Mirsad Hariz Adem Ramic, 34, was found guilty of providing material support to the Islamic State of Iraq and al-Sham (“ISIS”), conspiring to provide material support to ISIS and receiving military type training from ISIS. ISIS, a Salafi-jihadist group that conducts notorious terrorist attacks worldwide, that has been designated a “foreign terrorist organization” by the U.S. Secretary of State since 2004.
According to public filings and the evidence presented at trial, on June 3, 2014, Ramic and two co-conspirators coordinated their departure from the United States, arriving separately in Istanbul, Turkey, abandoning the rest of their purchased travel itineraries in order to purchase tickets to fly to Gaziantep, Turkey. Gaziantep is located near the Turkey-Syrian border, and from there, Ramic and the two co-conspirators crossed into Syria and joined ISIS.
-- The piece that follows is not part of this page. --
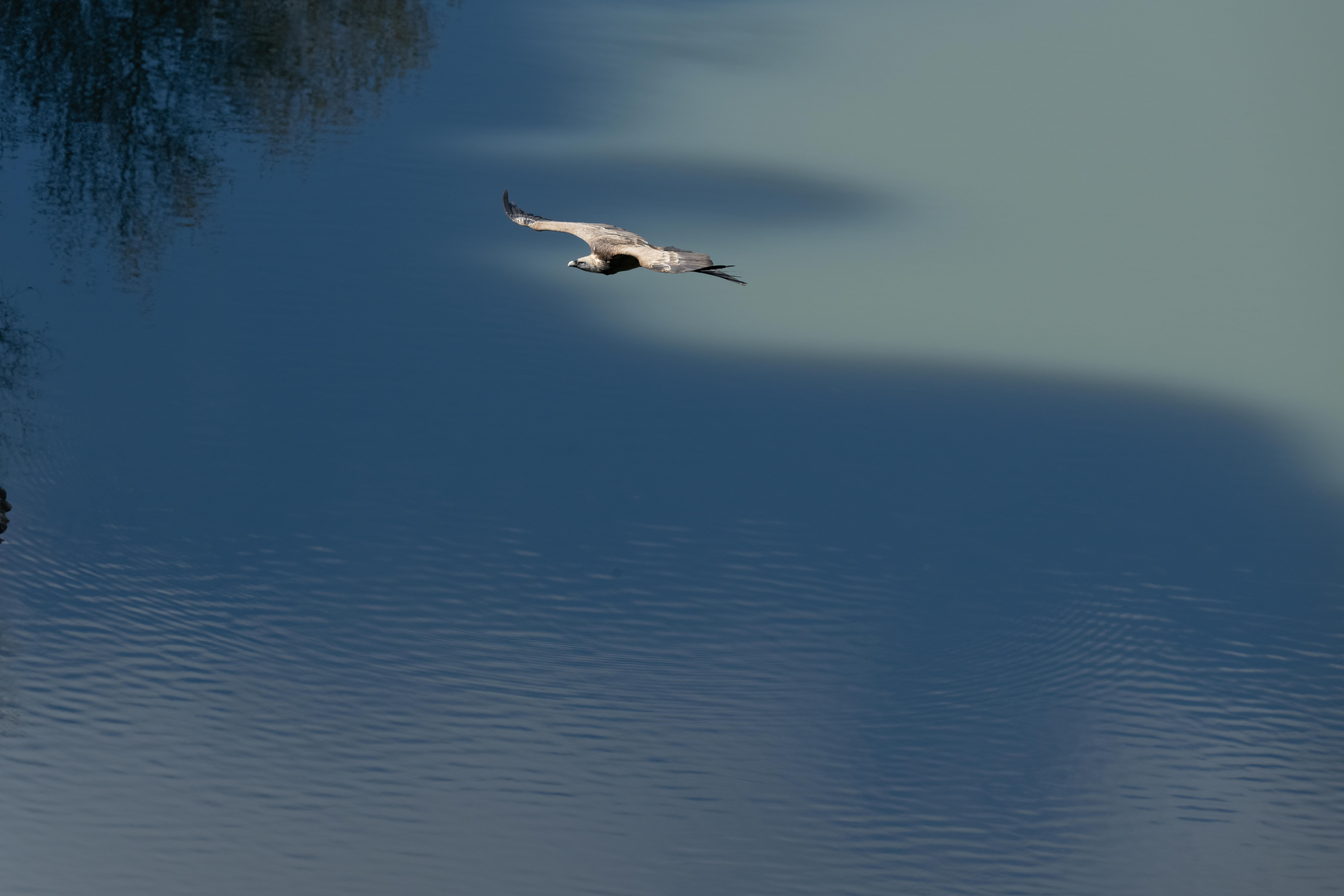 Gratuit O pasăre maiestuoasă surprinsă în zbor deasupra unui lac albastru și liniștit, reflectând umbre naturale. Fotografie de stoc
Prosecutors say after joining ISIS, Ramic attended an ISIS training camp, where he received military type training. A Photograph of Ramic, posted on social media, depicted him, among other things, wearing camouflage clothing and standing in front of a truck outfitted with an anti-aircraft gun and the ISIS flag.
Ramic and his co-conspirators remained in contact with each other and discussed, among other things, his use of an anti-aircraft weapon to shoot at planes. Ramic and his co-conspirators also discussed jihad, martyrdom and fighting for ISIS. Ramic, a dual U.S.-Bosnian citizen, joined an ISIS fighting unit comprised primarily of Bosnian foreign fighters, and participated in ISIS’s offensive in Kobane, Syria.
Ramic has been in federal custody since December 2021, after being deported to the United States from Turkey, where he had reportedly been held in prison.
Ramic is scheduled to be sentenced before Chief Judge Greg Stivers on September 24, where he faces a statutory maximum penalty of 50 years in prison, a fine of $750,000 and term of supervised release up to life. The court will determine any sentence after considering the U.S. Sentencing Guidelines and other statutory factors.
The FBI investigated the matter, while Assistant U.S. Attorneys Joshua Judd and Christopher Tieke of the Western District of Kentucky, along with Trial Attorneys Kevin Nunnally and Jessica Fender of the National Security Division’s Counterterrorism Section prosecuted the case.